Clever companies will always try to push their achievements into common history - who controls the past controls the future is more than just an overused quote. Although the Ultima license is kept rotting in EA's vault, Richard Garriott himself has enough leverage to keep his series and good name well preserved. Others aren't so lucky, and despite all their relevance and influence, are barely remembered today.

For example, when Andrew Greenberg, Robert Woodhead and D. W. Bradley left industry and the Wizardry license went to Japan, the series lost its place in history. There was no one to remember the industry about Wizardry's relevance, about its 30th anniversary in 2011, and today only old-timers are aware of it at all.

Sadly, as I wrote last year, we still lack historians and critics. That means the gaming industry curates its own history, and more often that not the past is only relevant as long as they can be turned into hype - and profit. We saw a lot of that in the past few years with many influential games and designers suddenly being rediscovered - always together with a convenient Kickstarter campaign. But I believe that there's no better example of this than King's Quest.

Memory Reboot

Google "Roberta Willians" today and you'll see a decent mix of articles, wikis and Youtube videos. Now do the same thing, but ask Google to only show results prior to 2014. Suddenly there are only articles in small websites of old fans and decade-old interviews - the most recent news are about an Australian woman of the same name, widowed by gang crime.

This is how much the industry appreciates the "mother of gaming", one of the most influential game designers ever and definetly the most important female developer ever. She was forgotten - ironically, at the same time when debates about women in the gaming industry began to increase. (For another example, see how many times you heard about Scorpia in those debates).

And it's not just websites. Open the "1001 Video Games You Must Play Before You Die" book and you won't see a single mention of the King's Quest game there. I kid you not, 1001 games selected by 36 industry professionals, yet not a single King's Quest game!

And it's not like we're talking about obscure, out-of-print games. They were re-released many times, and the entire series is available at GOG and Steam. What more a game needs to be remembered?

We learned the answer last year: a reboot.

6rX5QjD.jpg


As soon as rumors of a King's Quest reboot began circulating, new-found respect for the series rose. Articles about its historical importance and relevance - some written by the same people who didn't bother to include it among 1001 games -, retrospectives, let's play series and trivia began to appear.
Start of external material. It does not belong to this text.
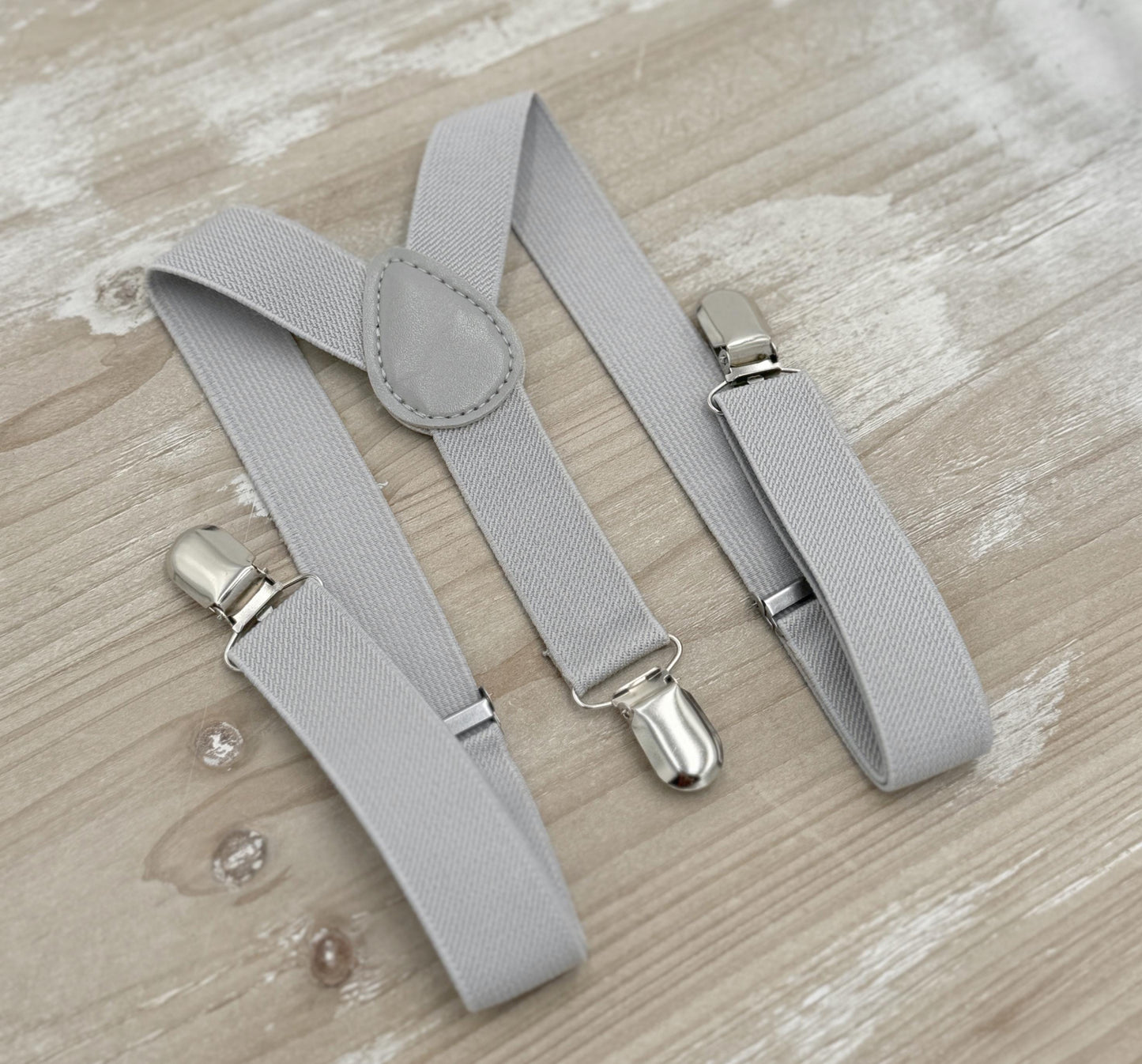 Bellini Bow Tie and Suspenders – All Sizes for Men and Boys, Light Gray Braces, Pocket Square, Boho Rustic Wedding, Ring Bearer Set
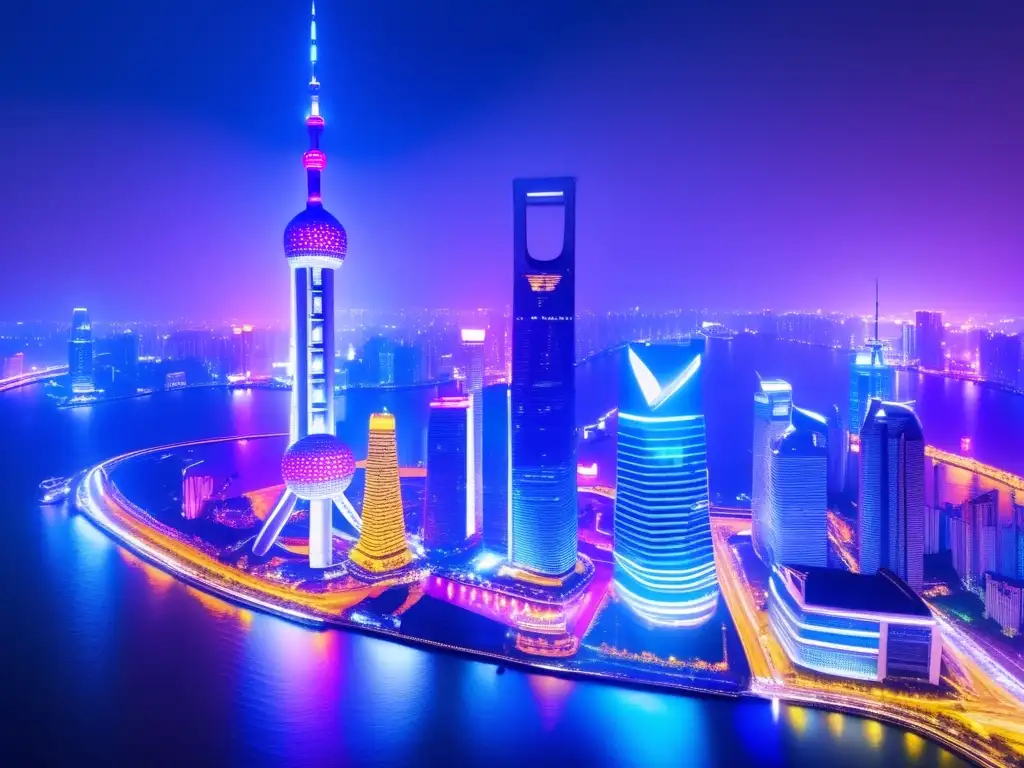 Una vibrante ciudad nocturna en Shanghai refleja la reestructuración económica China postcrisis, con luces de neón y un dinámico paisaje urbano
All culminating in a Industry Icon award at the Game Awards show for Roberta and her husband - immediately followed by an advertisement segment for the new King's Quest reboot.

Subtle.

Ignorance is bliss

As soon as the Game Awards ceremony ended, twitter exploded in hype about the new King's Quest game. People began tweeting that they were excited, but had never heard about the original series - and not only casual gamers, mind you. Several gaming journalist from big websites also said they "had never played the originals, but were anxious for this reboot".

Yes, people who's job is to know about gaming had never played one of the most influential series of all times. The game made by the women that just won an Industry Icon award. This would be a unspeakable sin in other industries, but here is shouted to the four winds as something cool. And it reinforces the mindset that no one needs to play older games - not even the pros do it, after all.

The KQ reboot will come this year, people will enjoy it and, if all goes according to plan, it will turn into a sequel based on the originals. And a new generation will be able to explore the magic of the King's Quest series, except, you know, with different graphics, dialogs, character personalities, gameplay style, soundtrack and historical context. And the gaming industry will pretend that nothing is being lost.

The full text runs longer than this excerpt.